This genuinely blows my mind that it’s even controversial.
I have a white Kenyan friend. I have a friend whose family is originally from Pakistan but who was born and raised in Zimbabwe and considers themselves Zimbabwean. Another friend’s family is ethnically Indian but they grew up in Uganda, so of course they see themselves as Ugandan.
Nationality is not the same thing as ethnicity.
You can be ethnically Indian and nationally Ugandan. Ethnically Pakistani and nationally Zimbabwean. Ethnically white and nationally Kenyan. These are not contradictions unless you have a very narrow view of what a country “looks like”.
I honestly think this is quite a small-minded British/English way of seeing the world sometimes - this idea that nationality must match one particular ethnicity or appearance. Huge parts of the world are multicultural, multi-ethnic societies shaped by migration, empire, trade, displacement and generations of shared history.

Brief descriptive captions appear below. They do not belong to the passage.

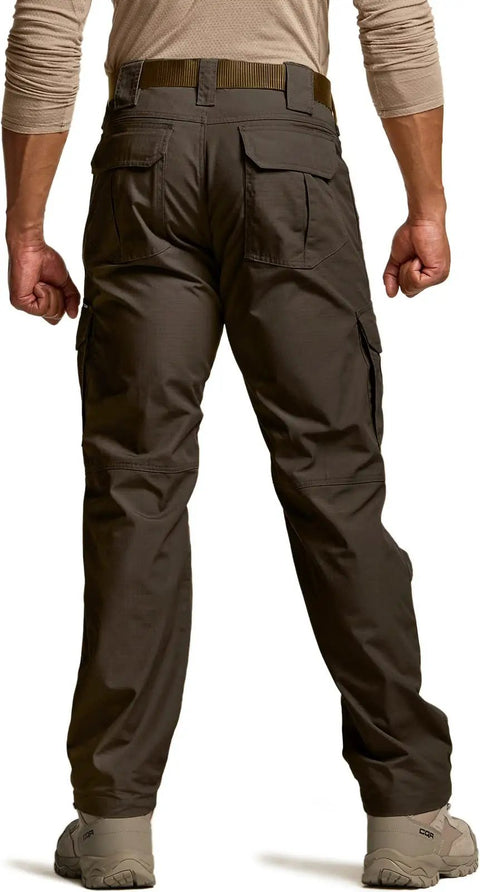 Back view of Men's Tactical Ripstop Cargo Pants With Water Resistant Duratex Fabric, Lightweight EDC And Hiking Pants in dark brown, size 38W x 32L.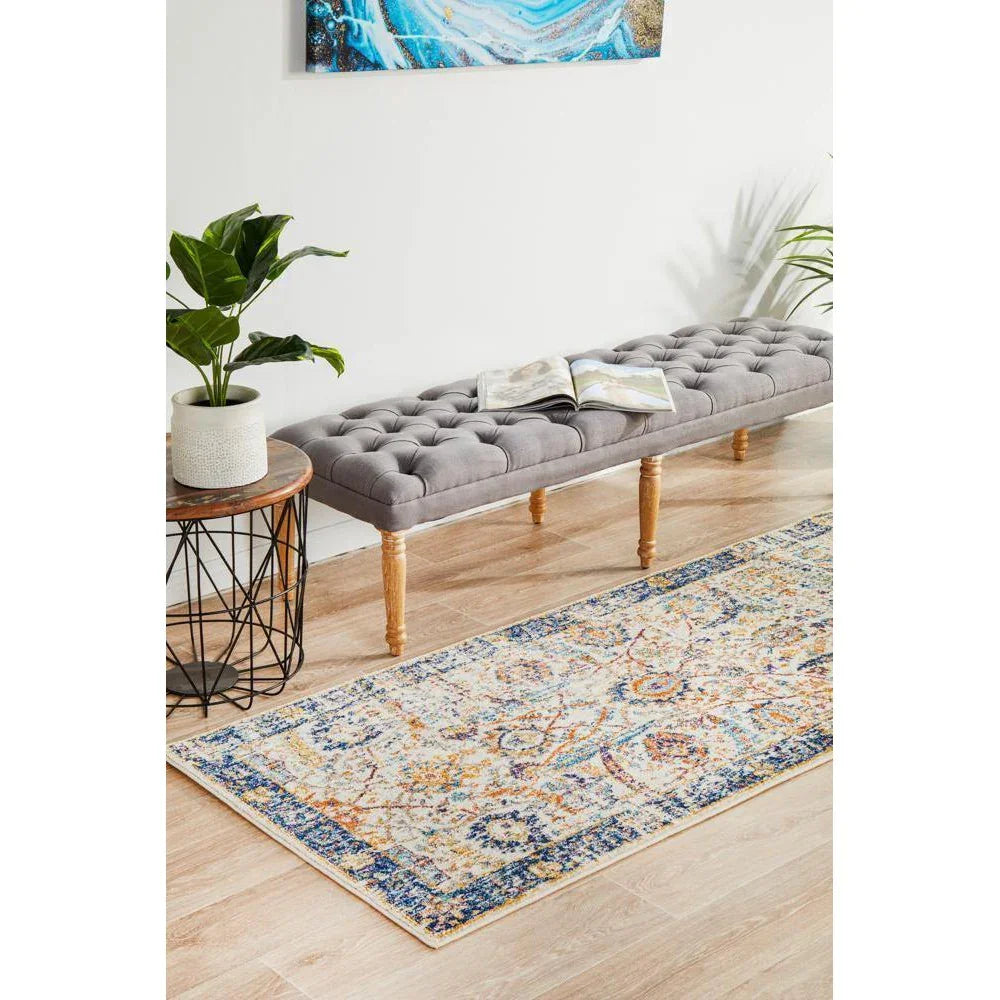 Evoke Peacock Ivory Transitional Runner Rug - ICONIC RUGS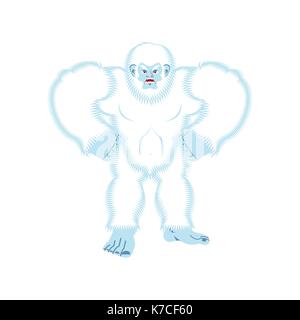 Yeti wütend. Bigfoot böse. Abominable snowman aggressiv. Vector Illustration Stock Vektor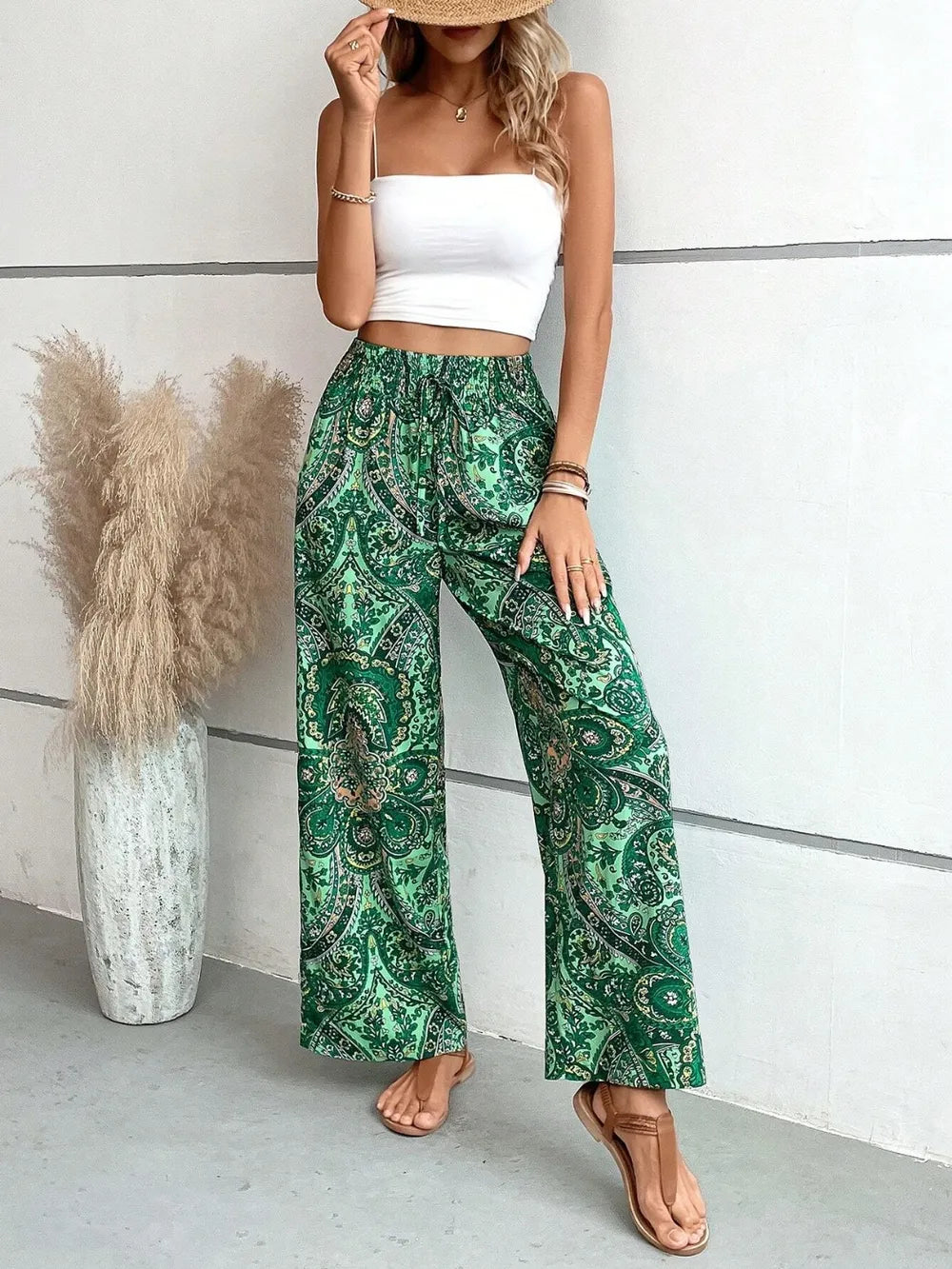 Printed Wide Leg Pants – Trendsi | ClozArt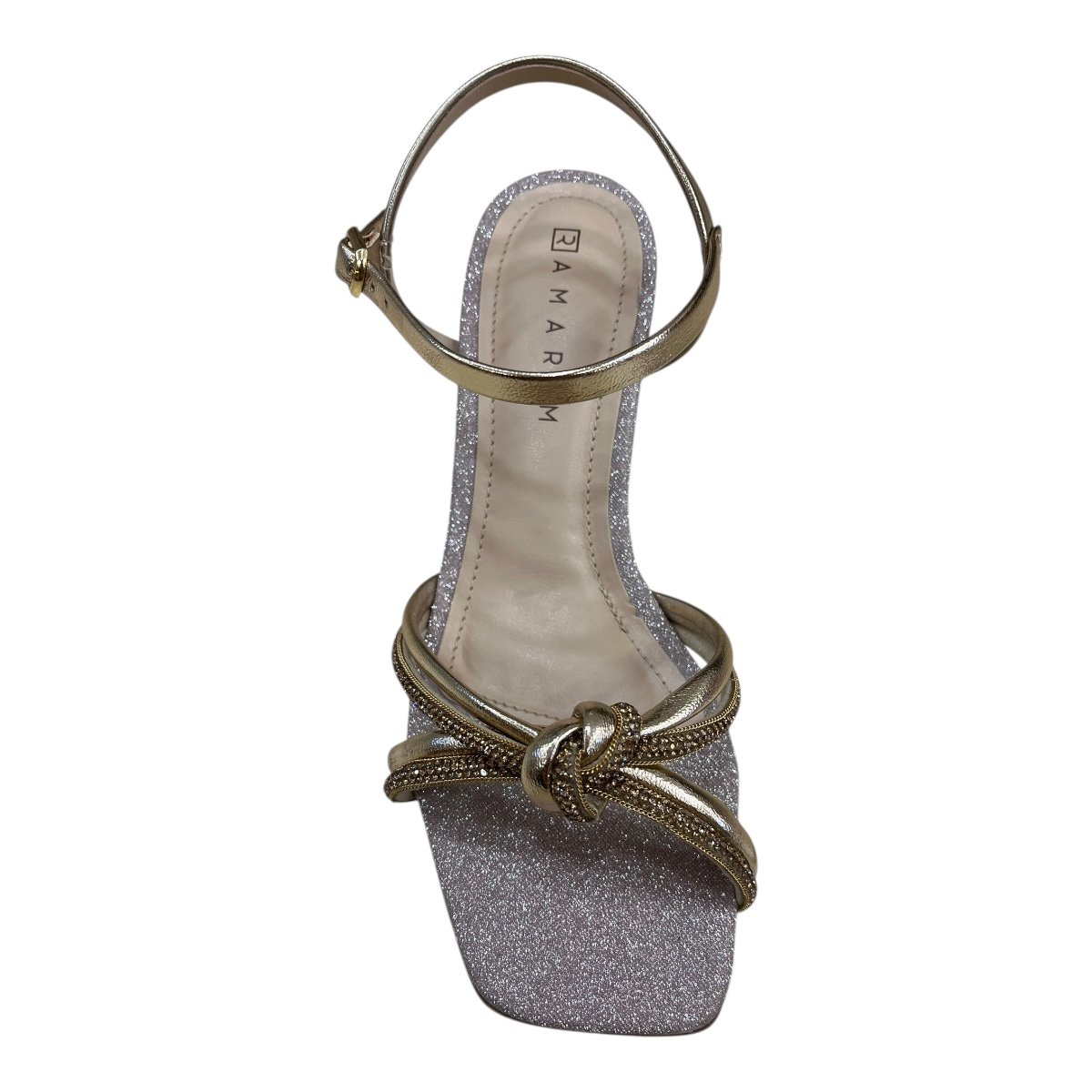 Sandalia Feminino Ramarim Casual Conforto Salto Fino Brilho Tiras Strass 25-27207 Dourado Dourado 3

If someone was born somewhere, raised there, speaks like everyone else there, shares the culture and sees that country as home, why on earth would they not identify as being from that country?
People seem to hear “I’m Kenyan” and think the person is making a claim about race, when actually they’re talking about nationality, culture, upbringing and identity.
The constant “but where are you REALLY from?” attitude is exhausting and, frankly, reveals more about the person asking than the person answering.